The BLA report comes 15 months after the city tentatively awarded the new landfill disposal agreement to Recology to deposit up to 5 million tons of waste collected in San Francisco in Recology's landfill in Yuba County for 10 years. The award was based on score sheets from a three-member evaluation panel composed of City Administrator (now Mayor) Ed Lee, DoE Deputy Director David Assmann, and Oakland environmental services director Susan Katchee.
The trio scored competing proposals from Recology and Waste Management, and awarded Recology 254, and WM 240, out of a possible 300 points. Lee's scores in favor of Recology were disproportionately higher than other panelists, and the BLA notes that the largest differences in the scoring occurred around cost.
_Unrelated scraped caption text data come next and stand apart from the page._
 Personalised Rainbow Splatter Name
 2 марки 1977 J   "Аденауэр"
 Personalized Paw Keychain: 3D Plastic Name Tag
The BLA concluded that the city's proposed agreement with Recology was subject to the city's normal competitive process, "because the landfill disposal agreement is the sole portion of the refuse collection, transportation and disposal process which is subject to the City's normal competitive bidding process." And it found that because the transfer and collection of the city's refuse has never been subject to the city's normal bidding process, approval of the proposed resolution is a policy decision for the board.
But while DoE's Assmann has said that California cities must maintain a plan for 15 years of landfill disposal capacity, the BLA notes that such plans can include executed agreements and anticipated agreements. And WM officials confirm that Altamont has capacity for 30 to 40 years. This means the board need not rush its disposal decision.
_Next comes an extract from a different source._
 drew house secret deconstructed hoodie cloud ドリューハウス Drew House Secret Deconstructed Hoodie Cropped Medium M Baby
The BLA report comes against a backdrop of intense lobbying around Recology's proposal. Records show that in 2010, Alex Clemens of Barbary Coast Consulting recorded $82,500 from Recology, and Chris Gruwell of Platinum Advisors recorded $70,000 from Waste Management to lobby around the city's landfill disposal contract.
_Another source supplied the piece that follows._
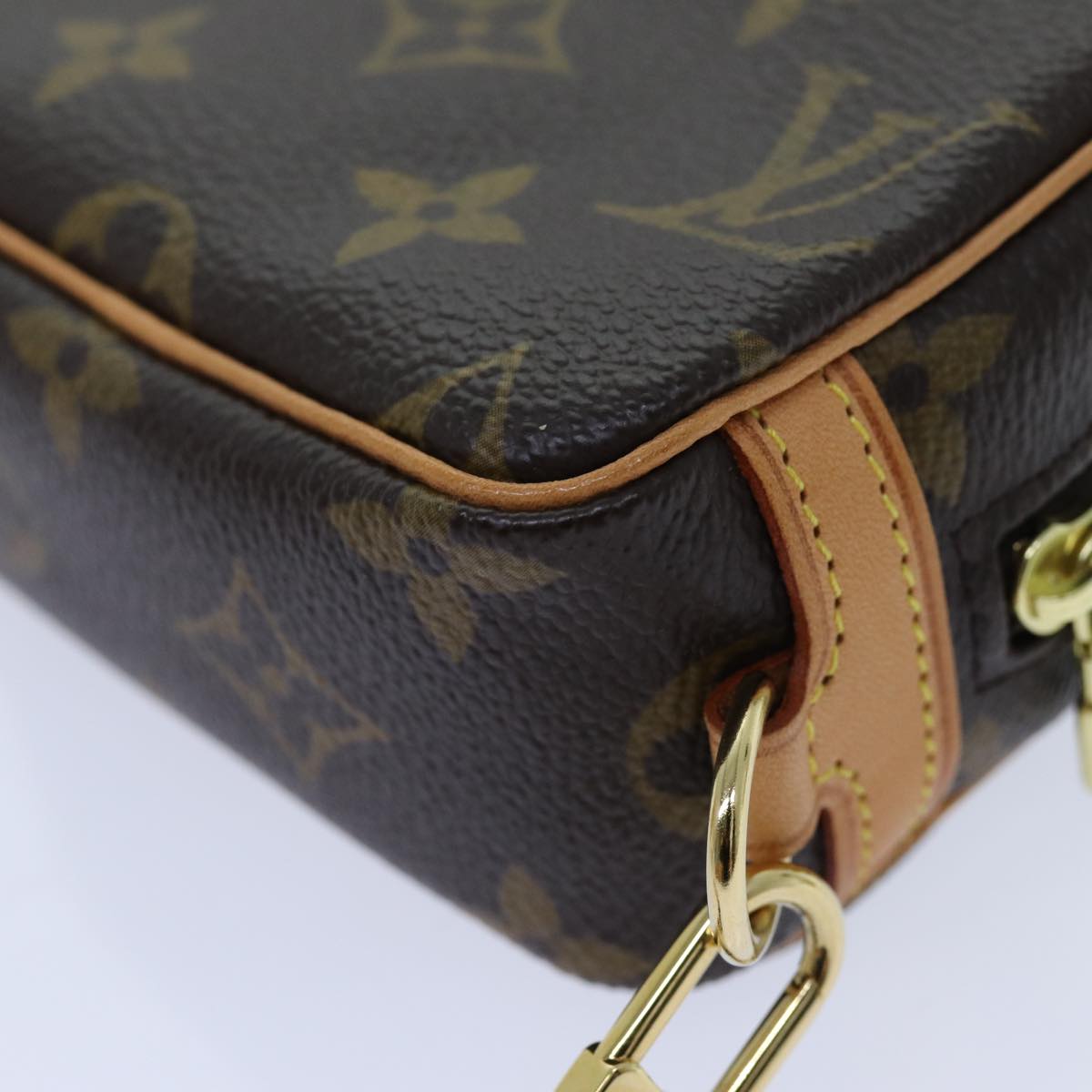 LOUIS VUITTON Monogram Trousse Wapity Pouch M58030 LV 70702SA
And now both firms continue to press their case in face of the BLA report.
"Folks are trying to cloud the issue," Recology's consultant Adam Alberti, who works for Sam Singer Associates, said. He claims the BLA report concludes that Recology's proposed contract is the lowest cost to rate payers, saving an estimated $130 million over 10 years, that Recology's green rail option is the environmentally superior approach, and that the city's contract procurement process was open, thorough, and fair. "In short, the process works—and it works well," Alberti said. "The rate setting process is an important subject, and one the board should review, but the one before the board now is a fully vetted contract."
Alberti claimed that contrary to the conclusions of the BLA, which found commercial collection rates are significantly higher in San Francisco than Oakland, Recology's rates are cheaper than Oakland—once you factor in Recology's recycling discounts.
Waste Management's David Tucker said the BLA report "raises lots of good questions."